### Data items
- Opening Delimiter -

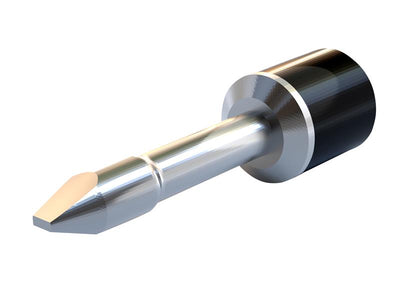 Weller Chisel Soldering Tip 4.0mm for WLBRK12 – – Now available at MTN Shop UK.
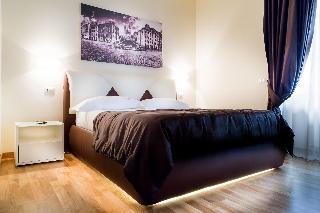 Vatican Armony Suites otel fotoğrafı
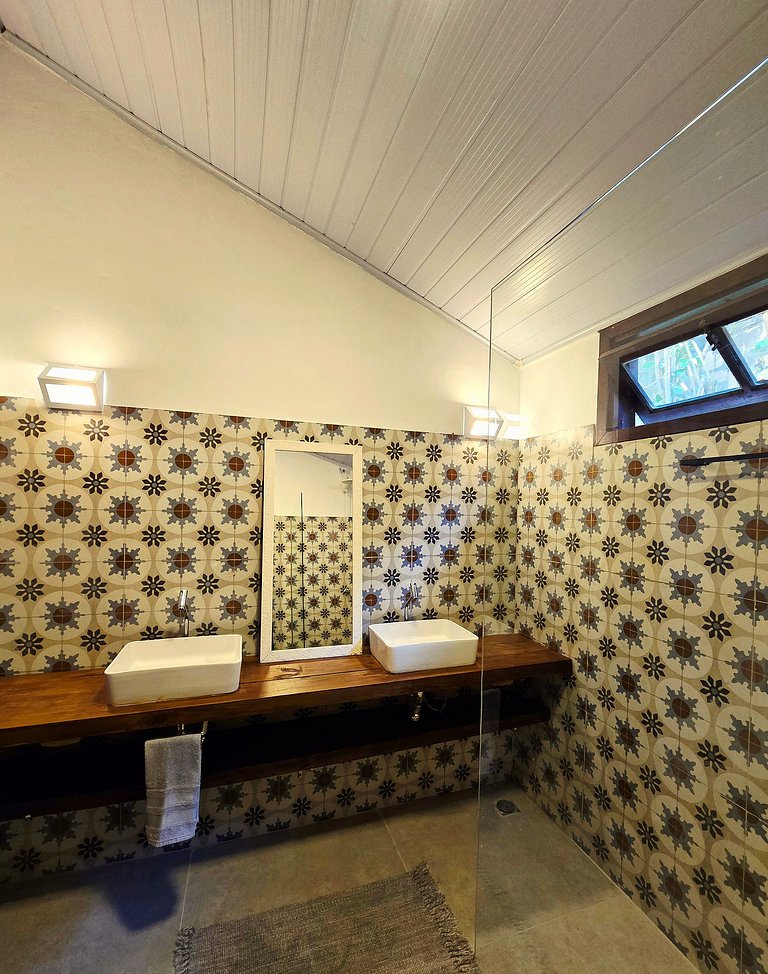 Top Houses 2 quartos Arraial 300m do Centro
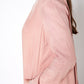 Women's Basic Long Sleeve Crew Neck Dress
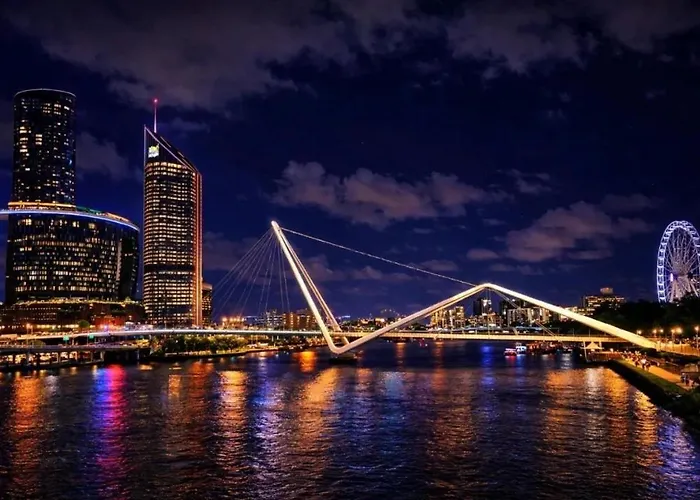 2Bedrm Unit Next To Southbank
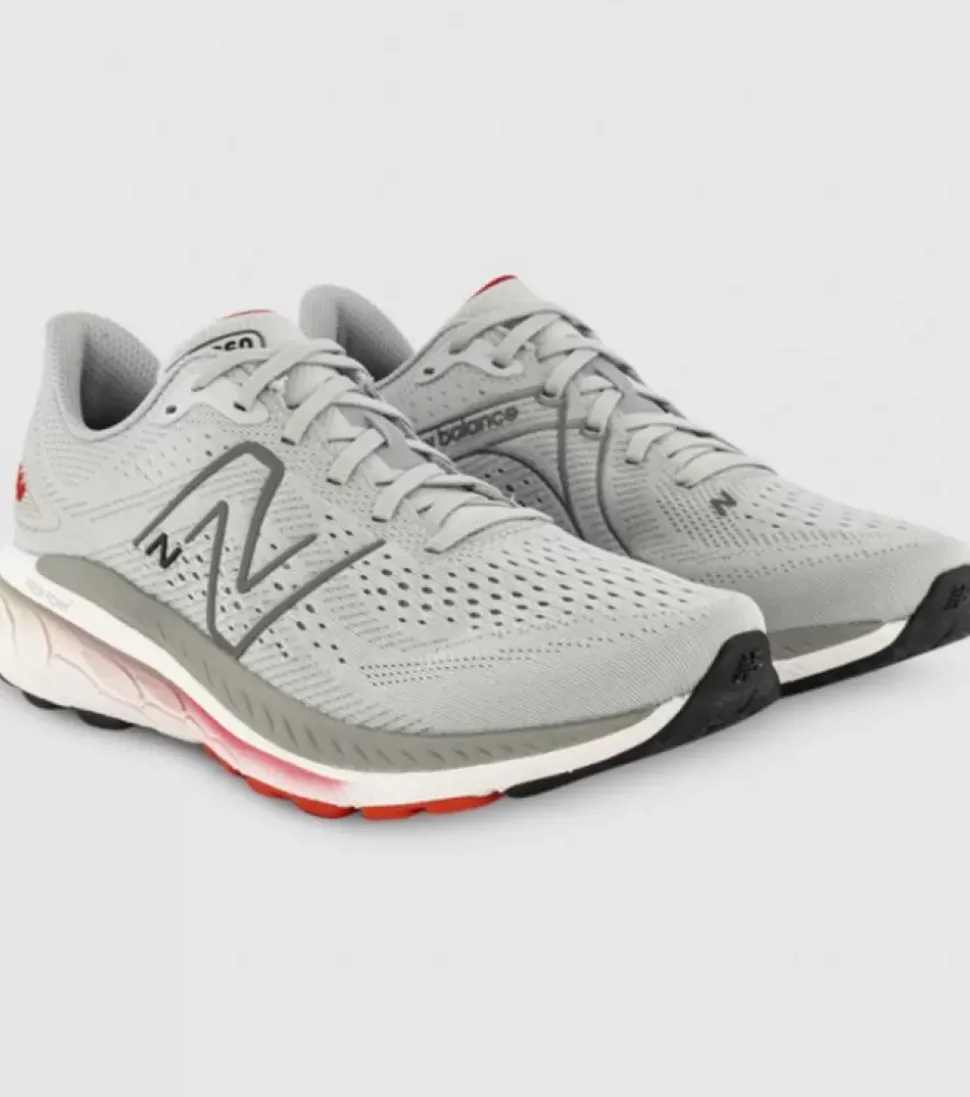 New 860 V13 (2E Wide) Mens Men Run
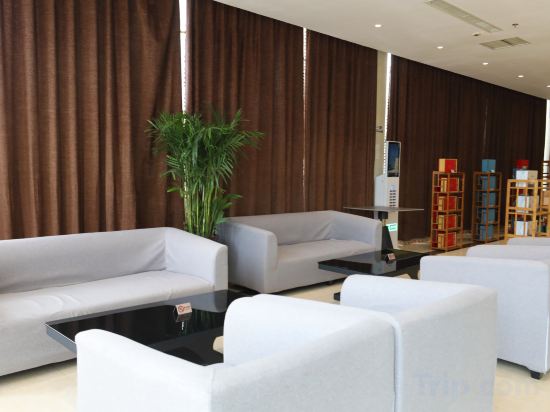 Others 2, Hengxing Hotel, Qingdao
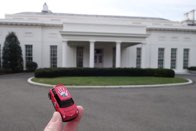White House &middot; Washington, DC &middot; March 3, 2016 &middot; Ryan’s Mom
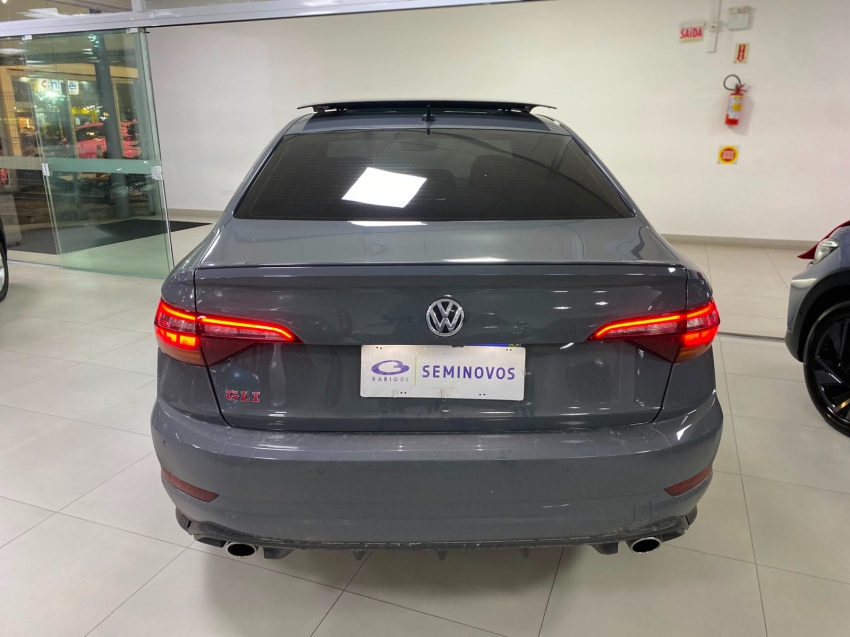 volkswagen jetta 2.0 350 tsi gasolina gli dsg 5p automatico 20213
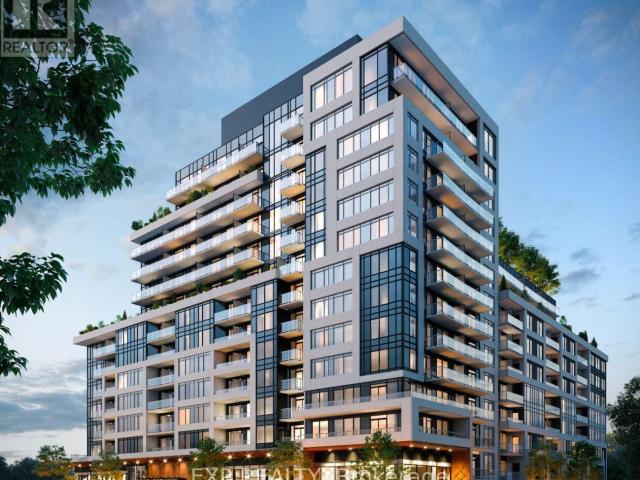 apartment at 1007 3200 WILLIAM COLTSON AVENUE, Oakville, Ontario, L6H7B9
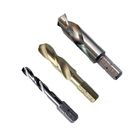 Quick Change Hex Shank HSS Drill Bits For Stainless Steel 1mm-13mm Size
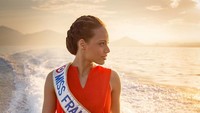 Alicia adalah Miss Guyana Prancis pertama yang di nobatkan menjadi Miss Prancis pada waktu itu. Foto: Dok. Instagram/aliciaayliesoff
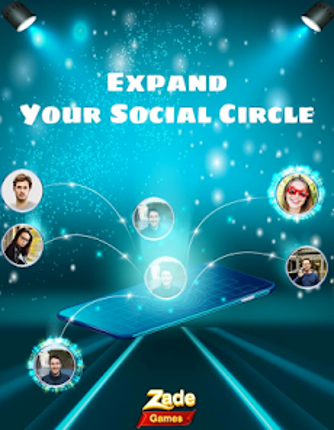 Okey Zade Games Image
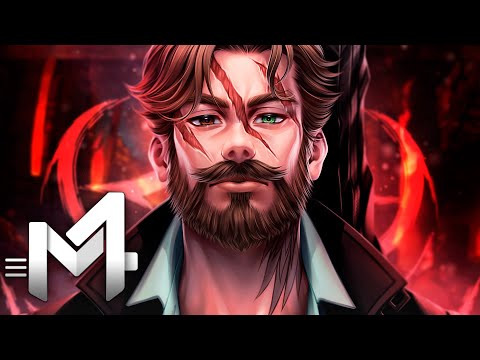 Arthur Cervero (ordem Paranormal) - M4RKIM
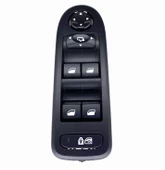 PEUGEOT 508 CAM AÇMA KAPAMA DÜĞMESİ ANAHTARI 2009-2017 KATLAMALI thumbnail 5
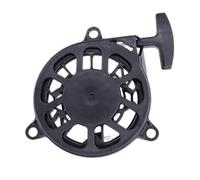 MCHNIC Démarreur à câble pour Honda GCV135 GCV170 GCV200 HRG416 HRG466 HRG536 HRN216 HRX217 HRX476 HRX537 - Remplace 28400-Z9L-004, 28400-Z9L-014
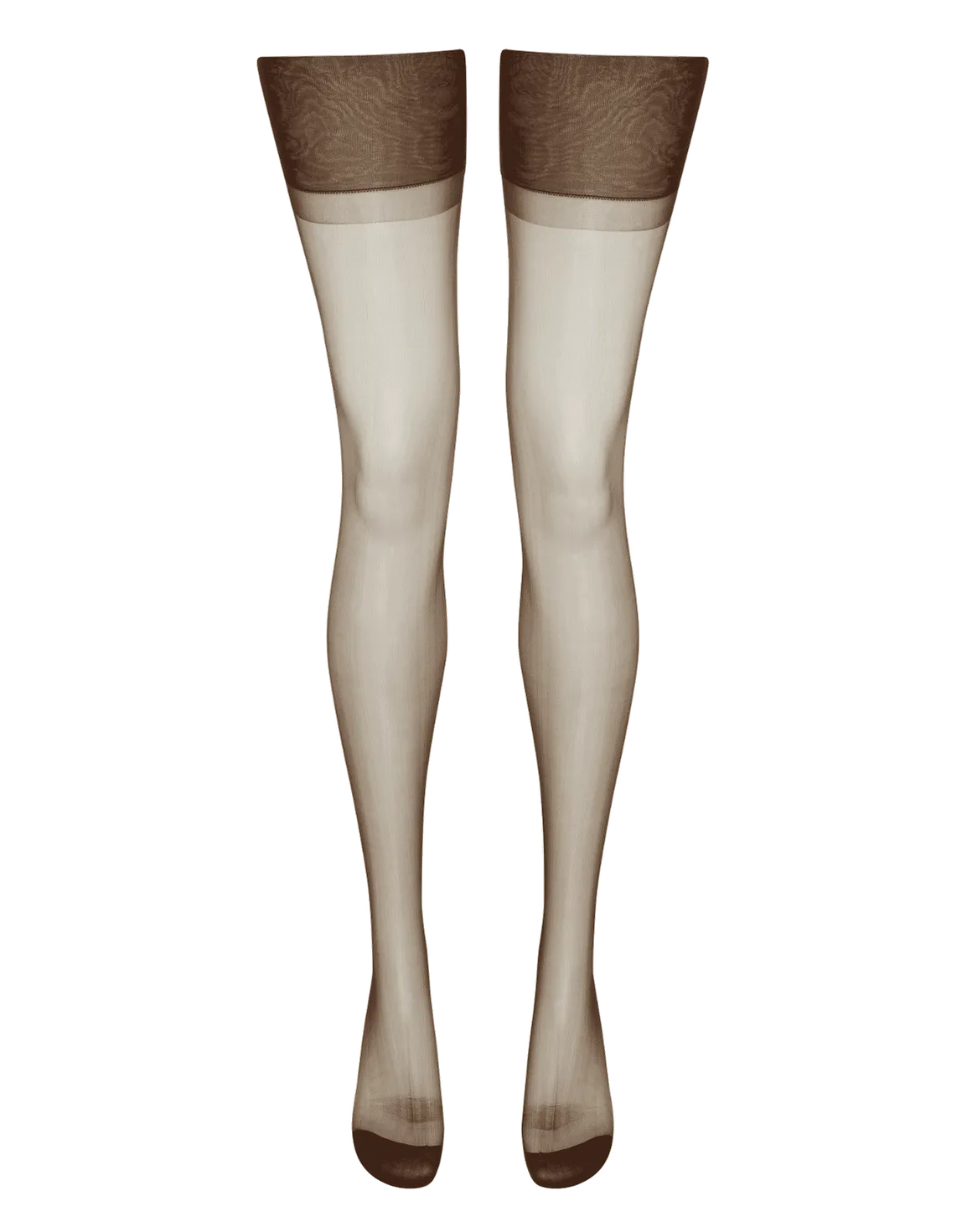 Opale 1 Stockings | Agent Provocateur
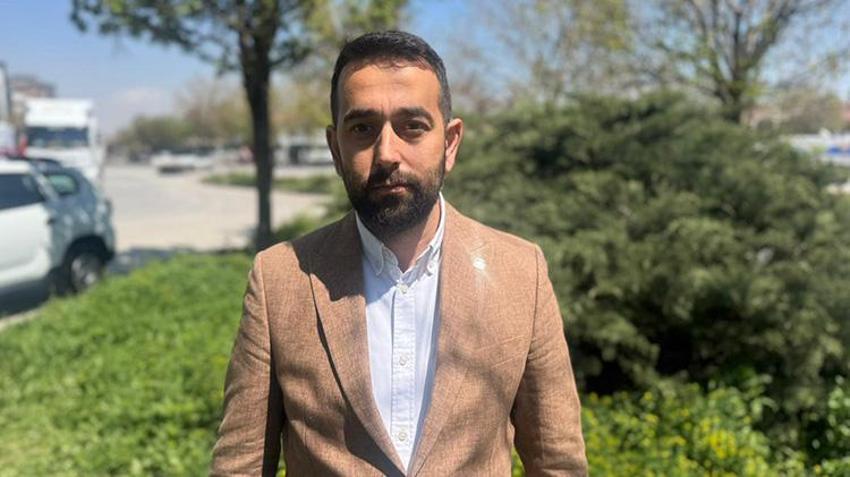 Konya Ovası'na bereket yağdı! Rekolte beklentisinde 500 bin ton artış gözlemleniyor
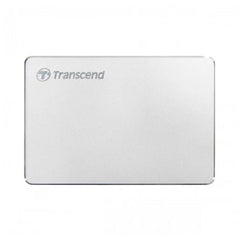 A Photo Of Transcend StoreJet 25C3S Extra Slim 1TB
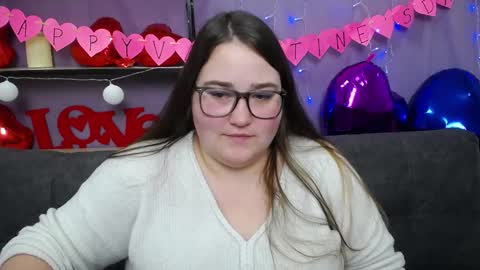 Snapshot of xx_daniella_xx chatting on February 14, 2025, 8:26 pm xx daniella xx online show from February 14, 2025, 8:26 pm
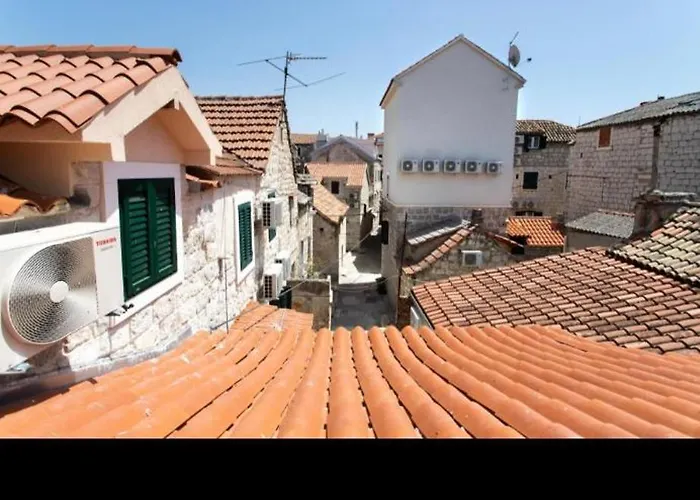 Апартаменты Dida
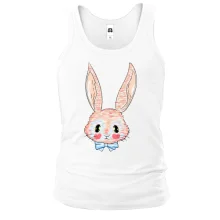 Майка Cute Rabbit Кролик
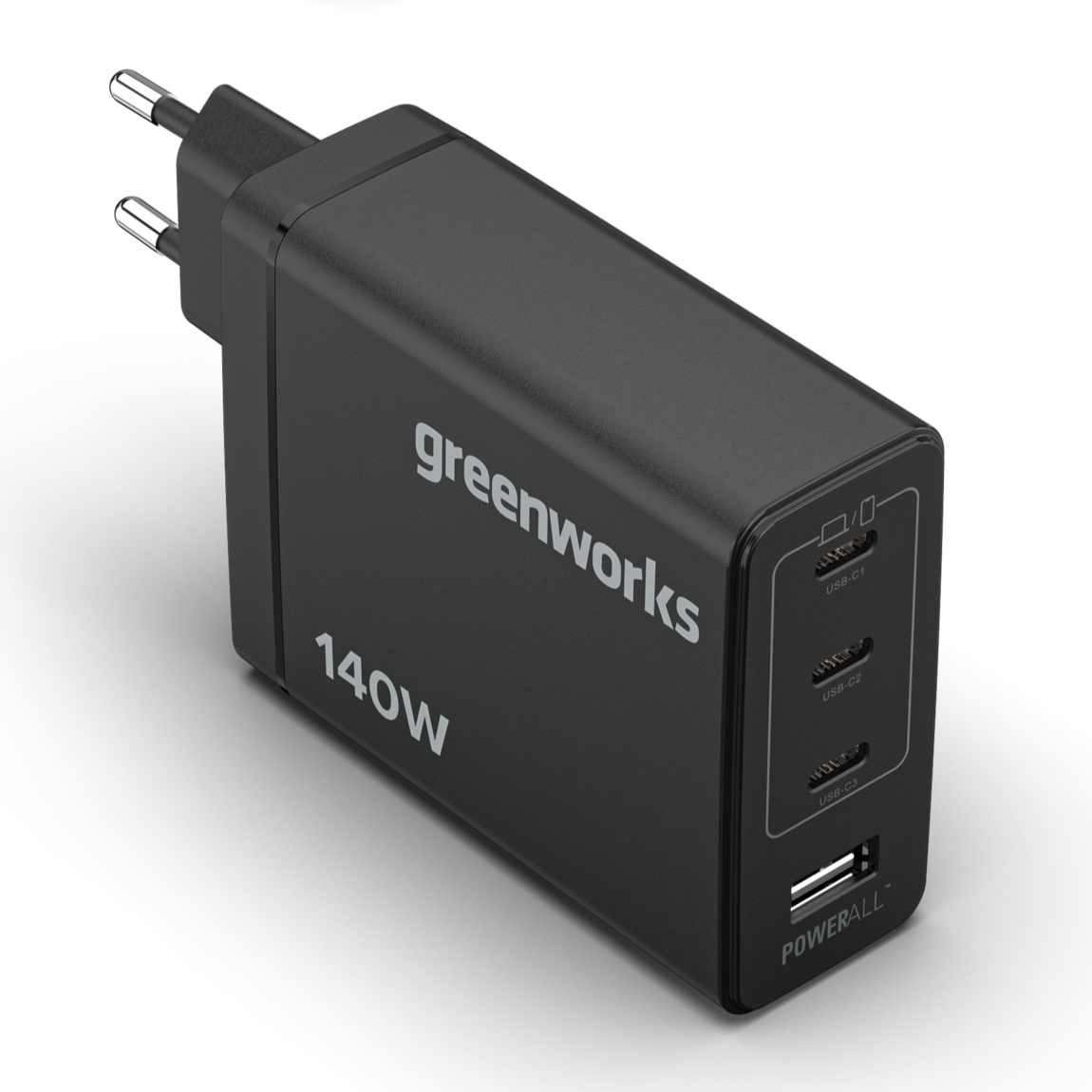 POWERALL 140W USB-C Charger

- Closing Delimiter -

### Prompt
Pictures are to be omitted; otherwise, write out the data exactly as it appears.

### Response to this task
 Weller Chisel Soldering Tip 4.0mm for WLBRK12 – – Now available at MTN Shop UK.
 Vatican Armony Suites otel fotoğrafı
 Top Houses 2 quartos Arraial 300m do Centro
 Women's Basic Long Sleeve Crew Neck Dress
 2Bedrm Unit Next To Southbank
 New 860 V13 (2E Wide) Mens Men Run
 Others 2, Hengxing Hotel, Qingdao
White House &middot; Washington, DC &middot; March 3, 2016 &middot; Ryan’s Mom
 volkswagen jetta 2.0 350 tsi gasolina gli dsg 5p automatico 20213
 apartment at 1007 3200 WILLIAM COLTSON AVENUE, Oakville, Ontario, L6H7B9
 Quick Change Hex Shank HSS Drill Bits For Stainless Steel 1mm-13mm Size
 Alicia adalah Miss Guyana Prancis pertama yang di nobatkan menjadi Miss Prancis pada waktu itu. Foto: Dok. Instagram/aliciaayliesoff
 Okey Zade Games Image
 Arthur Cervero (ordem Paranormal) - M4RKIM
 PEUGEOT 508 CAM AÇMA KAPAMA DÜĞMESİ ANAHTARI 2009-2017 KATLAMALI thumbnail 5
 MCHNIC Démarreur à câble pour Honda GCV135 GCV170 GCV200 HRG416 HRG466 HRG536 HRN216 HRX217 HRX476 HRX537 - Remplace 28400-Z9L-004, 28400-Z9L-014
 Opale 1 Stockings | Agent Provocateur
 Konya Ovası'na bereket yağdı! Rekolte beklentisinde 500 bin ton artış gözlemleniyor
 A Photo Of Transcend StoreJet 25C3S Extra Slim 1TB
 Snapshot of xx_daniella_xx chatting on February 14, 2025, 8:26 pm xx daniella xx online show from February 14, 2025, 8:26 pm
 Апартаменты Dida
 Майка Cute Rabbit Кролик
 POWERALL 140W USB-C Charger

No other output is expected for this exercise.